1 means we're not backward compatible, right?

For 2 and 3, unfortunately I don't really see how these options will effectively help reducing the complexity or redundancy of the losses code, which I believe was the original motivation here

lorentzenchr · 2020-10-26T07:19:23Z

News: cython/cython#3607 doesn't seem to be a blocker anymore, as long as the cdef functions like cdef cgradient do not use fused types. The biggest issue with this design, however, is that the virtual inheritance adds a (some percentage, to be verified) performance penalty.

Design reasoning:

cdef loss and gradient functions for SGD, operating on a single sample point.
- Seems to be enough to implement only double.
def loss and gradient functions that operate on numpy arrays (or memoryviews). Ideally, they call the cdef versions in a loop.
a) Ideally, these would only be defined once, not in every loss class again => much less code!
b) Testing the def functions automatically tests the cdef versions => much less tests!
c) Provide option for multithreading, i.e. use prange to iterate over samples.
d) Provide float and double simultaneously.

This sounds a bit like the function dispatch mechanism for generating numpy ufuncs, except the prangeoption.

lorentzenchr · 2020-11-09T20:44:39Z

Updated 24.11.2020
I did some benchmarking for the log-loss calculated on ndarrays of shape (N,), here.
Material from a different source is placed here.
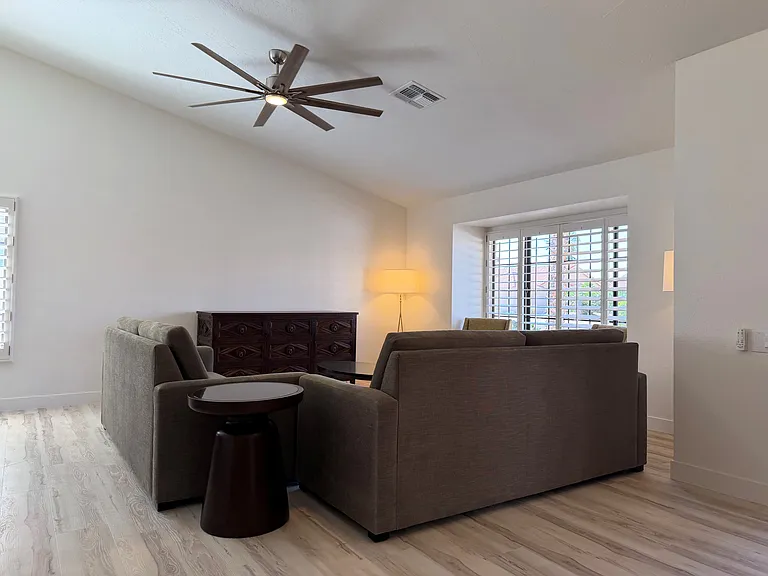 8956 E Voltaire Dr — Photo 8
It compares the same function implemented as:

numpy np_logloss
cython loop over single sample C function p_logloss
cython loop via generic function with pointer to single sample C function p_logloss_generic
cython loop in class method over static C member function (same as 2 but all within a class) Logloss.loss
cython loop in class method via generic function with pointer to static C member function (analogon to 3 but all within a class) Logloss.loss
Same as 4, but the loop is virtually inherited from a base class Logloss_virtual.loss

Time ratio of log-loss (compared to numpy `np_logloss`, smaller is better)

The pure numpy version is much faster. For N >= 1e4, p_logloss, p_logloss_generic and Logloss.loss perform similarly good. Virtual functions and, for N >= 1e4, also generic loop with function pointer to static member function have some significant overhead.
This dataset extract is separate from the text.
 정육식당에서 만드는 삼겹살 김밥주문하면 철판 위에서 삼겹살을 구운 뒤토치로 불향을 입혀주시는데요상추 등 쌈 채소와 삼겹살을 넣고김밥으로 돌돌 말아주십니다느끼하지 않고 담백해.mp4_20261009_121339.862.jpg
Time ratio of gradient of log-loss

Absolute timings with error bars in details below

Conclusion

Virtual inheritance has some significant overhead. For larger sample size, a generic loop with function pointers to static member functions has a similar performance overhead. On the other side, the generic loop over normal (non class member) does not suffer this penalty.

lorentzenchr · 2020-11-09T20:59:36Z

Another question of mine is how important is parallelism, i.e. prange is used only in the histogram-based gradient boosting trees? @NicolasHug, @thomasjpfan or @ogrisel maybe?

lorentzenchr · 2020-11-24T19:34:47Z

Assumptions:
a) Loss, Gradient and Hessian have C implementations working on single points (1 sample).
b) L, G, H have a ndarray implementation as well.
c) Performance is important.
d) Parallelism by prange is important.
e) There are at least squared error, absolute error, poisson deviance, log-loss. Possibly many more.

With the above assumptions and the benchmarks, I propose the following sketched design:

ctypedef double (*fpointer)(double, double) nogil

cdef void generic_loop(fpointer f, double[::1] y_true, double[::1] raw, double[::1] out):
    with nogil:
        for i in range(size): # could be prange
            out[i] = f(y_true[i], raw[i])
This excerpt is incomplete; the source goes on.